EXERCISE AIM: Copy out each line below verbatim, skipping any picture.

(Image-caption web data)
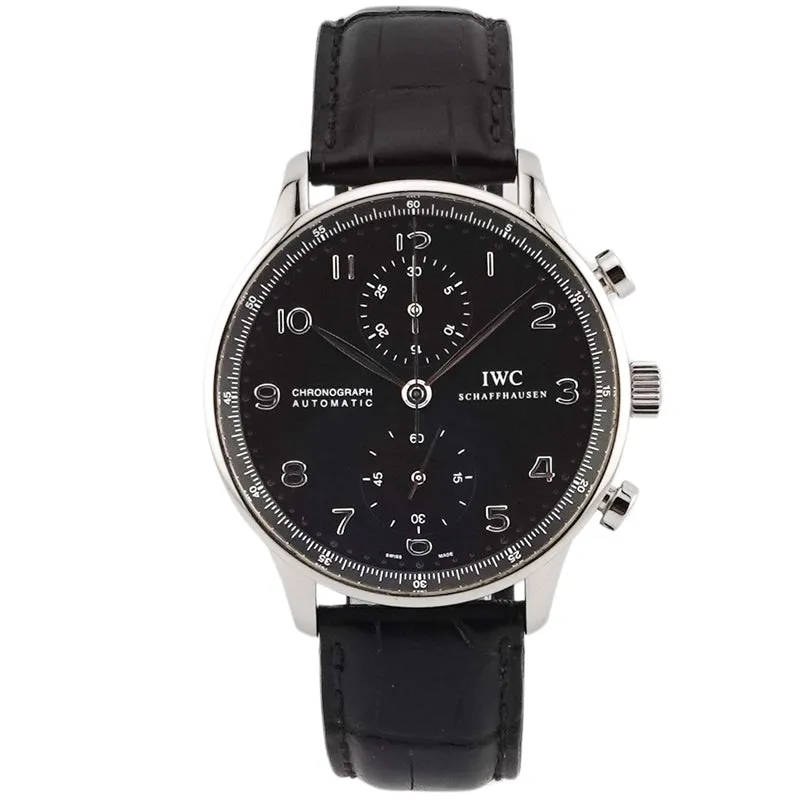IWC Portugieser Chronograph Stahl - 3714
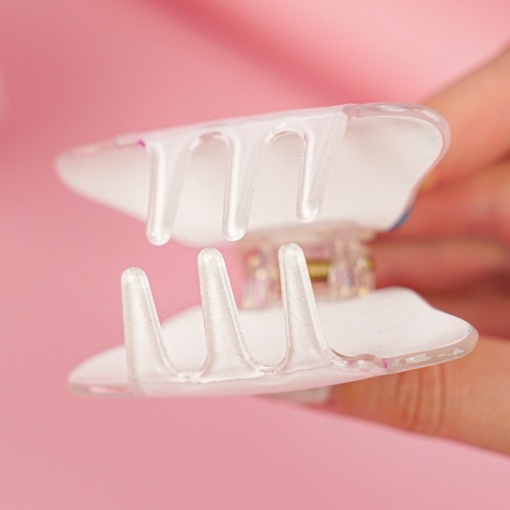 Заколка-крабик "Моя Мелодия" Корица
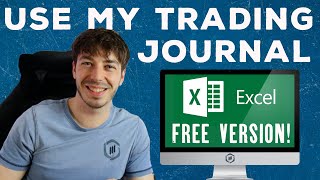 Excel Trading Journal Spreadsheet download free version [upl. by Ariaes]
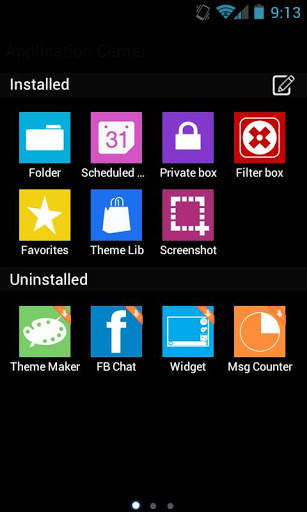 GOSMS WP7 Grey Theme Free screenshot 4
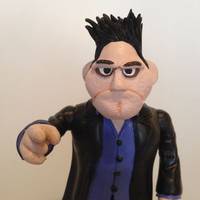 'Smile Time' Angel (Buffy the Vampire Slayer) Custom Action Figure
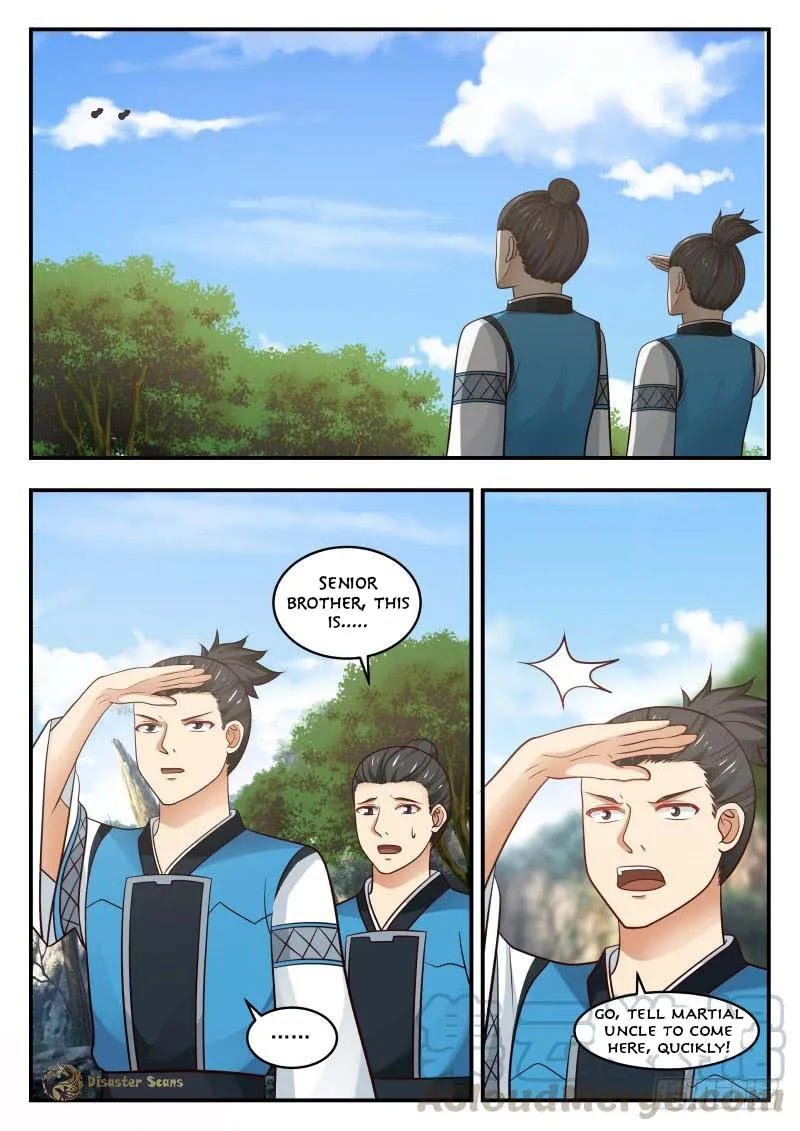 Read Martial Peak chapter 453 image 6 on Lezhin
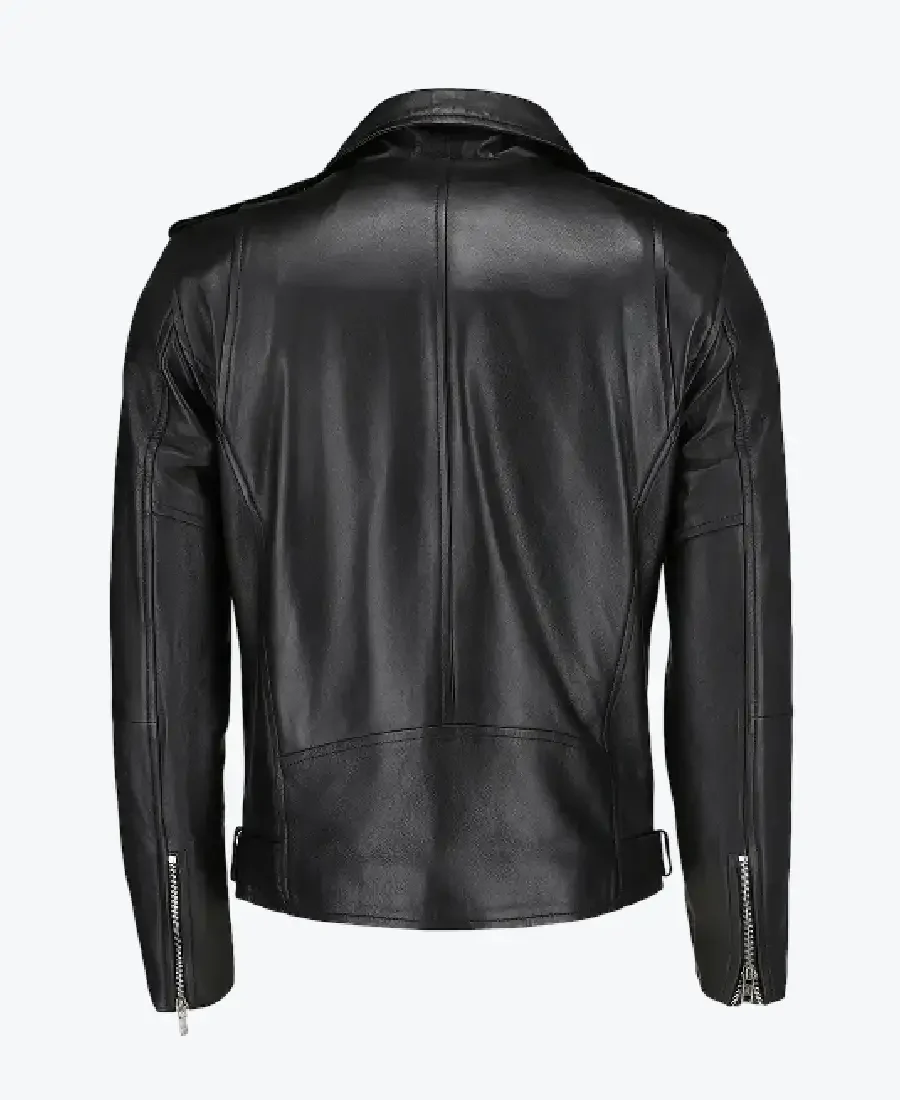 Shop The Women's Black Cafe Racer Leather Jackets Rare Jacket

RESPONSE:
IWC Portugieser Chronograph Stahl - 3714
 Заколка-крабик "Моя Мелодия" Корица
 Excel Trading Journal Spreadsheet download free version [upl. by Ariaes]
 GOSMS WP7 Grey Theme Free screenshot 4
 'Smile Time' Angel (Buffy the Vampire Slayer) Custom Action Figure
 Read Martial Peak chapter 453 image 6 on Lezhin
 Shop The Women's Black Cafe Racer Leather Jackets Rare Jacket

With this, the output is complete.